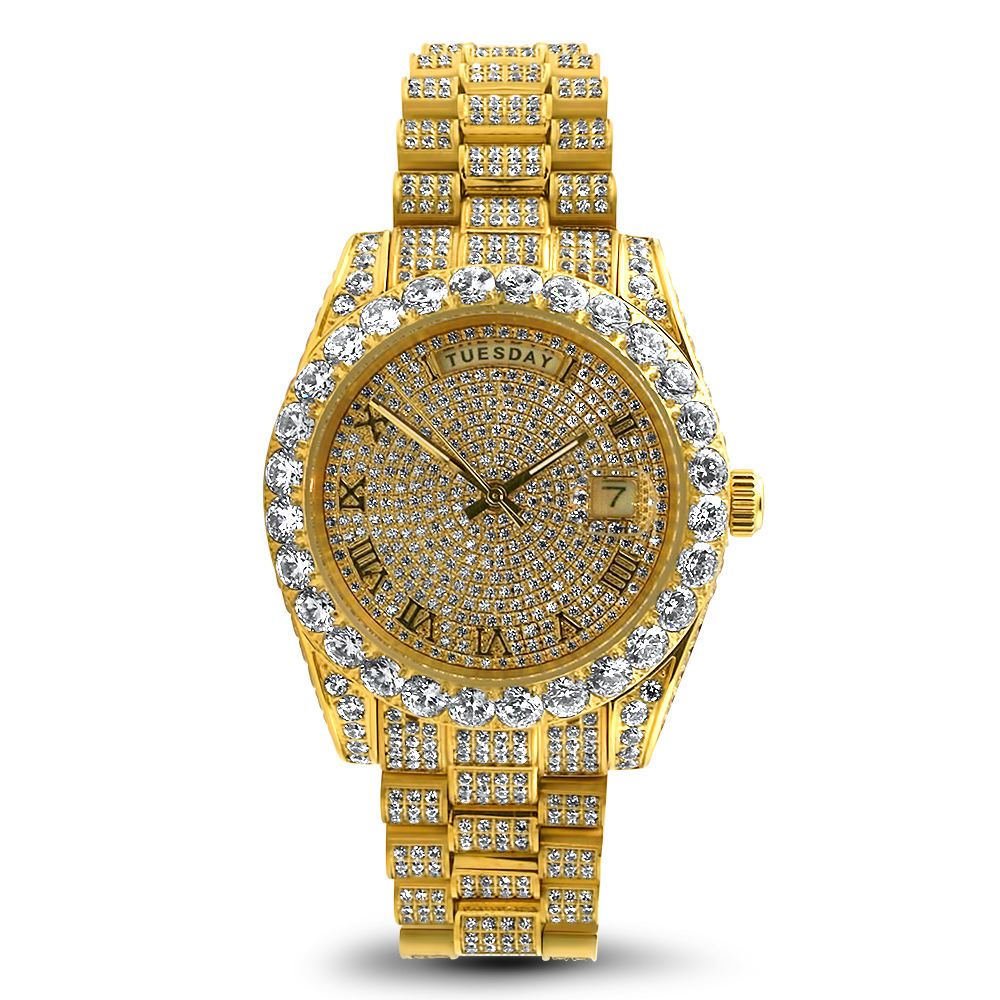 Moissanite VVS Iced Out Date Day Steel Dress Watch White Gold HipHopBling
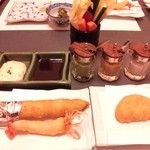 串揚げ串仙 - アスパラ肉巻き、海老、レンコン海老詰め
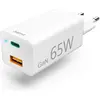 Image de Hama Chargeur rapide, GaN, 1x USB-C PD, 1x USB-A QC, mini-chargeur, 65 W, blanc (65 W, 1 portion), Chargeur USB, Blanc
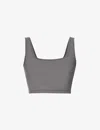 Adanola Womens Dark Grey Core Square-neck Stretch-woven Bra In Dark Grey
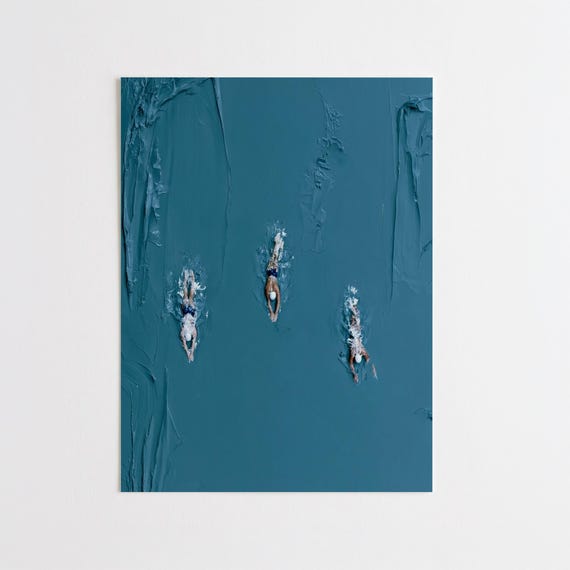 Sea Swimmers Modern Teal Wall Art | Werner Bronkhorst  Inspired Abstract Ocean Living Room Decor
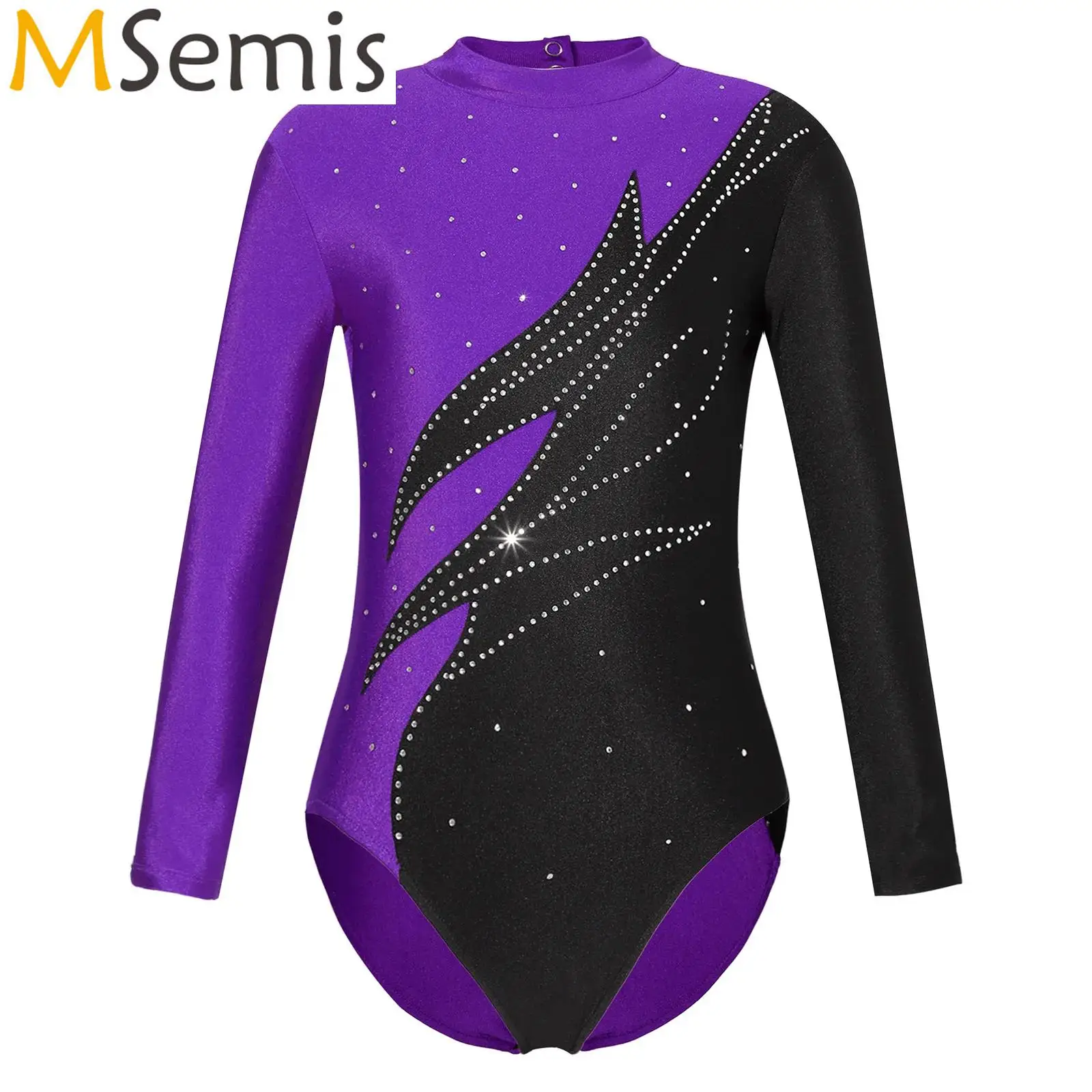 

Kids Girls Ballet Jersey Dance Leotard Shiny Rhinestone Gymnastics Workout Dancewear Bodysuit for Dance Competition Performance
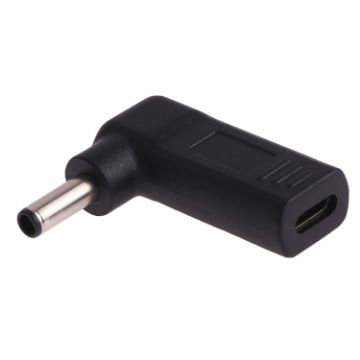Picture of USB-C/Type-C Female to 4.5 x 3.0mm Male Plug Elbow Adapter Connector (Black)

——

Work required ->
Repeat each record exactly, with the pictures left out.

Exercise response ->
 Moissanite VVS Iced Out Date Day Steel Dress Watch White Gold HipHopBling
 串揚げ串仙 - アスパラ肉巻き、海老、レンコン海老詰め
 Image de Hama Chargeur rapide, GaN, 1x USB-C PD, 1x USB-A QC, mini-chargeur, 65 W, blanc (65 W, 1 portion), Chargeur USB, Blanc
 Adanola Womens Dark Grey Core Square-neck Stretch-woven Bra In Dark Grey
 Sea Swimmers Modern Teal Wall Art | Werner Bronkhorst  Inspired Abstract Ocean Living Room Decor

Kids Girls Ballet Jersey Dance Leotard Shiny Rhinestone Gymnastics Workout Dancewear Bodysuit for Dance Competition Performance
Picture of USB-C/Type-C Female to 4.5 x 3.0mm Male Plug Elbow Adapter Connector (Black)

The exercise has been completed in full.